Arrêt n° 55/97 du 17 septembre 1997 Numéro du rôle : 1125 En cause : le recours en annulation de l'article 143ter du Code judiciaire, inséré par l'article 3 de la loi du 4 mars 1997 instituant le collège des procureurs généraux et créant la fonction de magistrat national, introduit par E. Verduyckt.

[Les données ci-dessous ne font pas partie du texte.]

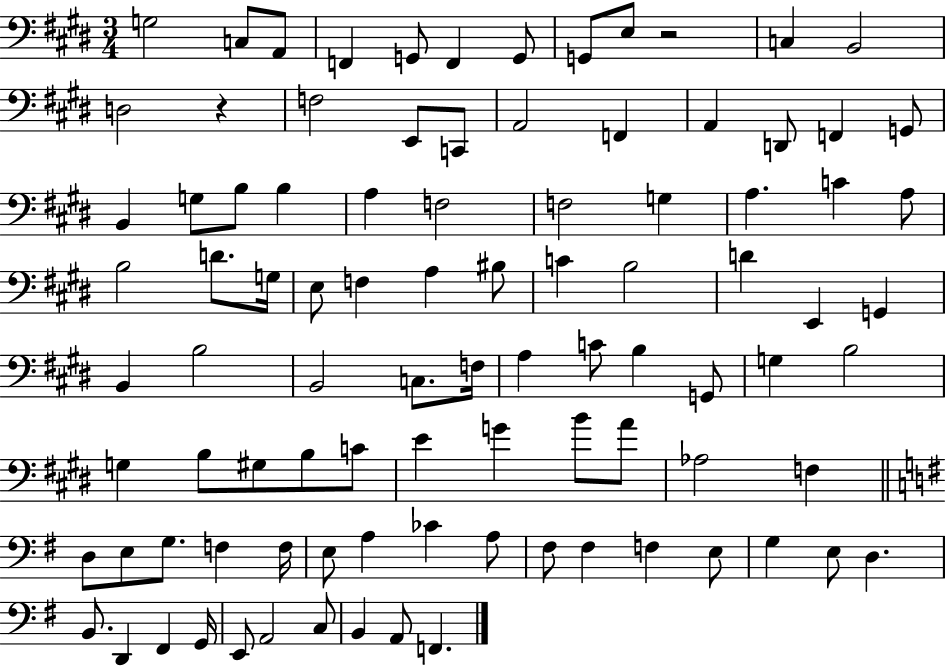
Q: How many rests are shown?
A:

La Cour d'arbitrage, chambre restreinte, composée du président L. De Grève et des juges-rapporteurs H. Boel et E. Cerexhe, assistée du greffier L. Potoms, après en avoir délibéré, rend l'arrêt suivant : I. Objet du recours Par requête adressée à la Cour par lettre recommandée à la poste le 4 juillet 1997 et parvenue au greffe le 7 juillet 1997, un recours en annulation de l'article 3 de la loi du 4 mars 1997 instituant le collège des procureurs généraux et créant la fonction de magistrat national, publiée au Moniteur belge du 30 avril 1997, et de certaines dispositions qui y seraient indissolublement liées, a été introduit par E. Verduyckt, demeurant à 2230 Herselt, Averbodesesteenweg 23.

II. La procédure Par ordonnance du 7 juillet 1997, le président en exercice a désigné les juges du siège conformément aux articles 58 et 59 de la loi spéciale du 6 janvier 1989 sur la Cour d'arbitrage.

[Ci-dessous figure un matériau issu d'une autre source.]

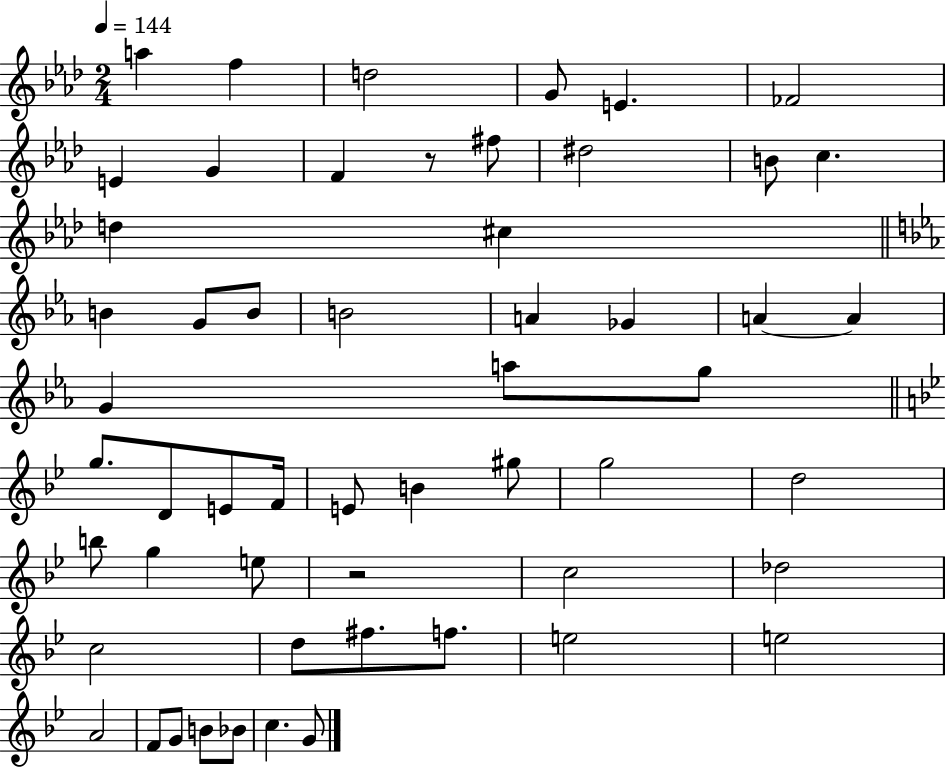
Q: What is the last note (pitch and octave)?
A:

Le 14 juillet 1997, les juges-rapporteurs H. Boel et E. Cerexhe ont informé le président, en application de l'article 71, alinéa 1er, de la loi organique, qu'ils pourraient être amenés à proposer à la Cour, siégeant en chambre restreinte, de prononcer un arrêt constatant que le recours en annulation est manifestement irrecevable à défaut d'intérêt.

Les conclusions des juges-rapporteurs ont été notifiées à la partie requérante conformément à l'article 71, alinéa 2, de la loi organique, par lettre recommandée à la poste le 15 juillet 1997.

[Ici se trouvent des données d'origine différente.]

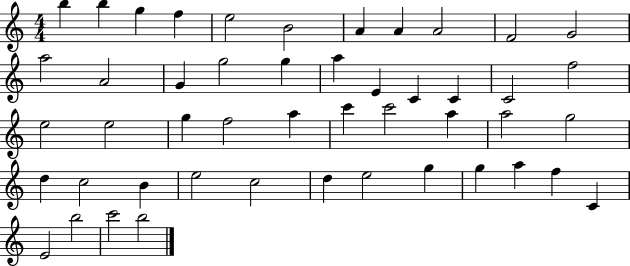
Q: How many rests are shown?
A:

E. Verduyckt a introduit un mémoire justificatif par lettre recommandée à la poste le 25 juillet 1997.

La procédure s'est déroulée conformément aux articles 62 et suivants de la loi organique, relatifs à l'emploi des langues devant la Cour.

III. En droit Quant à la violation alléguée de l'article 6 de la Convention européenne des droits de l'homme 1. Dans son mémoire justificatif, la partie requérante affirme que la procédure prévue à l'article 71 de la loi spéciale du 6 janvier 1989 sur la Cour d'arbitrage serait contraire à l'article 6.1 de la Convention européenne des droits de l'homme en ce que lui est refusé un procès public et contradictoire alors que ses droits civils sont menacés. La loi attaquée, écrit-elle, peut avoir une influence sur la situation pécuniaire de la requérante puisqu'elle permet à l'autorité politique de rechercher et de poursuivre les délits dont la requérante serait l'auteur et de ne pas rechercher ni poursuivre ceux dont elle pourrait être la victime. La requérante demande à être entendue, assistée de son conseil, à l'audience publique de la Cour. 2.1. Selon la jurisprudence de la Cour européenne des droits de l'homme, l'article 6.1 peut être applicable à une cour constitutionnelle (arrêt Ruiz-Mateos, 23 juin 1993, §§ 57 à 60, série A, n° 262). Cette cour constitutionnelle se doit d'examiner concrètement si le litige qui lui est soumis, auquel l'article 6.1 serait applicable, concerne des droits et obligations de caractère civil ou le bien-fondé d'une accusation en matière pénale dirigée contre une partie requérante. 2.2. Le recours en annulation est dirigé contre l'article 143ter du Code judiciaire, tel qu'il a été inséré par l'article 3 de la loi du 4 mars 1997 instituant le collège des procureurs généraux et créant la fonction de magistrat national, et contre certaines dispositions qui y seraient indissolublement liées. L'article 143ter du Code judiciaire dispose : « Le ministre de la Justice arrête les directives de politique criminelle, y compris en matière de politique de recherche et de poursuite après avoir pris l'avis du collège des procureurs généraux.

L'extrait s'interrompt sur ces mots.